=== SOURCE DATA ===
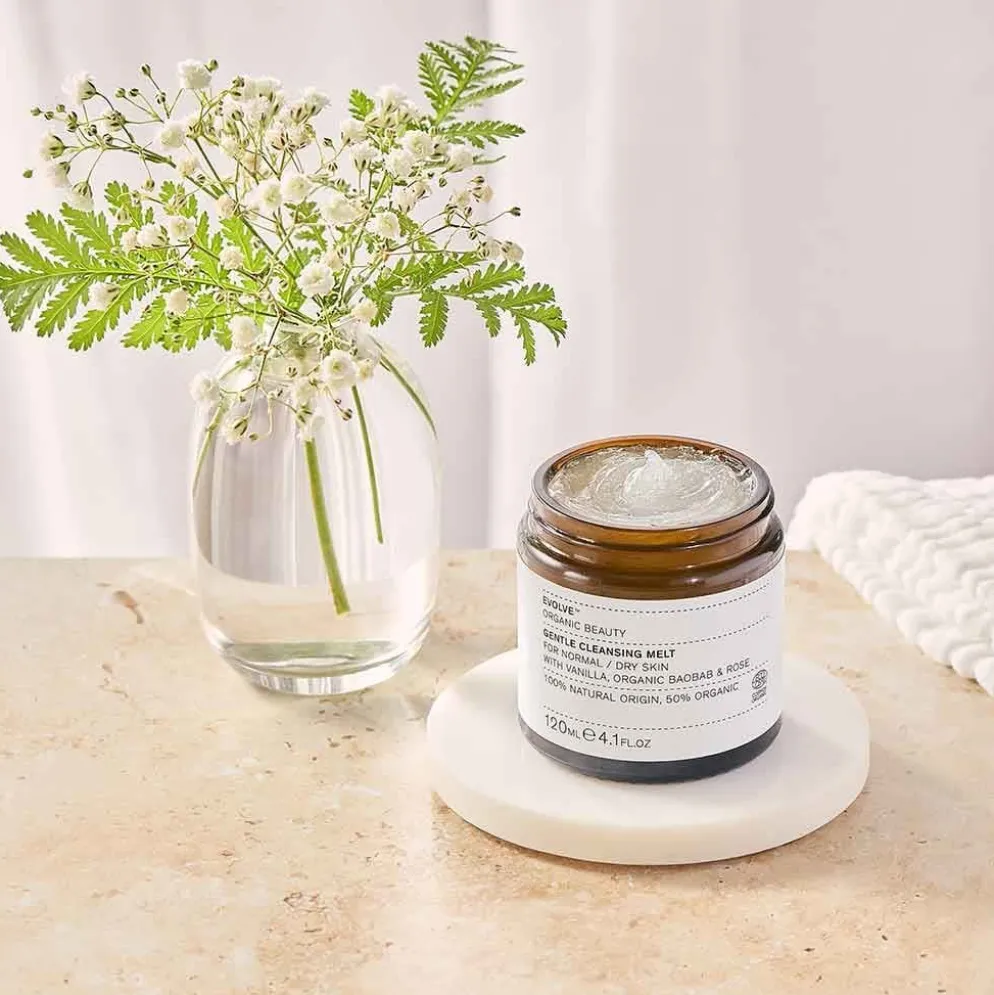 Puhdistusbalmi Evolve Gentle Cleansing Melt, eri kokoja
===
=== SOURCE DATA ===
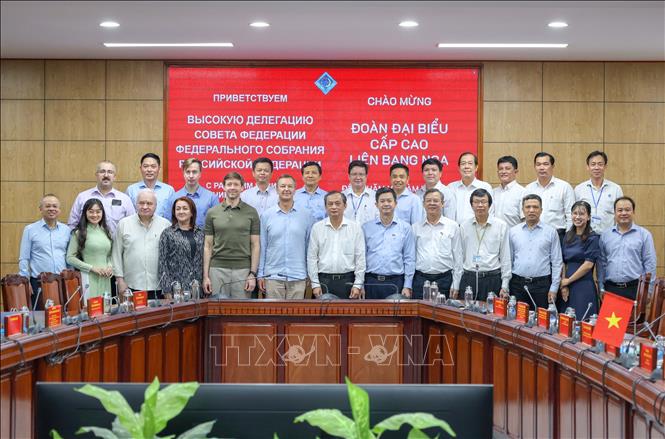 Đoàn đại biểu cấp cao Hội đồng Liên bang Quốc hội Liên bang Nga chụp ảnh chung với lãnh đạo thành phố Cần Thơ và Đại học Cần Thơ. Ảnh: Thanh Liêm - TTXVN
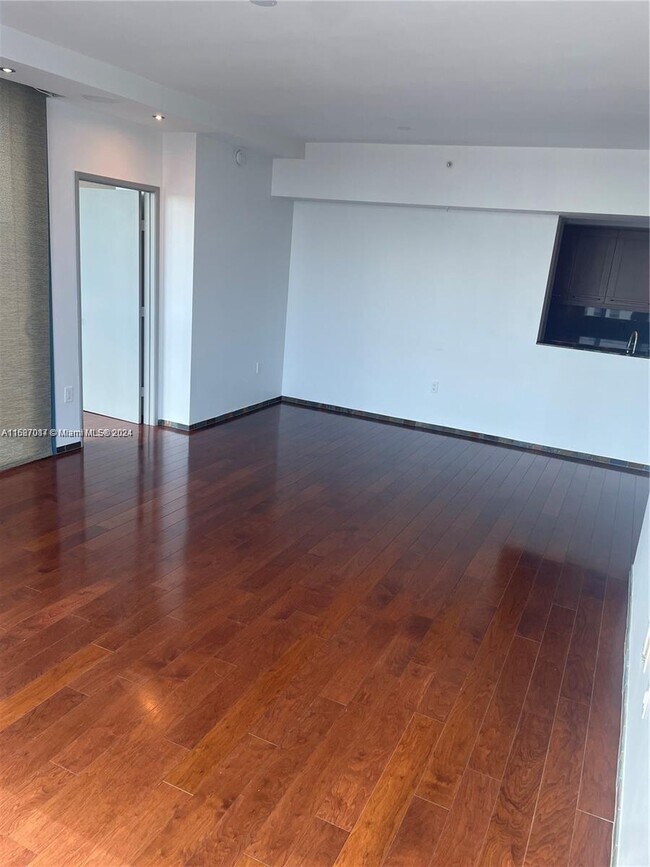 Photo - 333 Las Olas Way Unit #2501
===
=== SOURCE DATA ===
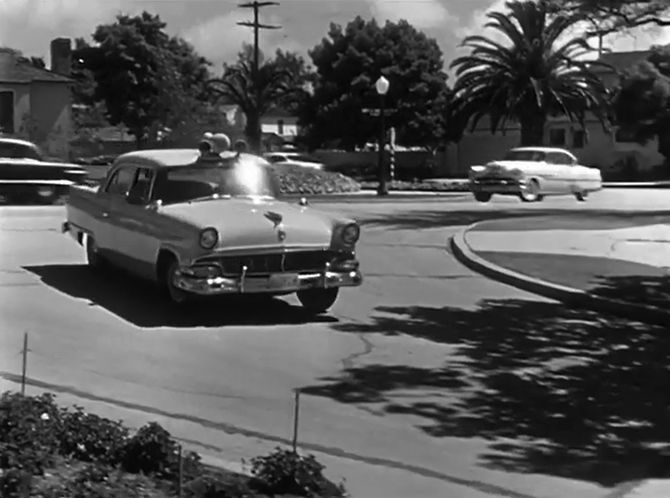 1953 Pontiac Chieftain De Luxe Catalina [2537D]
===
*WORK INSTRUCTION*
Write out again exactly the lines above from the one with "Đoàn đại biểu" through the one with "Photo - 333 Las Olas Way Unit #2501", adding no other lines and no pictures.

*ANSWER FOR THE TASK*
 Đoàn đại biểu cấp cao Hội đồng Liên bang Quốc hội Liên bang Nga chụp ảnh chung với lãnh đạo thành phố Cần Thơ và Đại học Cần Thơ. Ảnh: Thanh Liêm - TTXVN
 Photo - 333 Las Olas Way Unit #2501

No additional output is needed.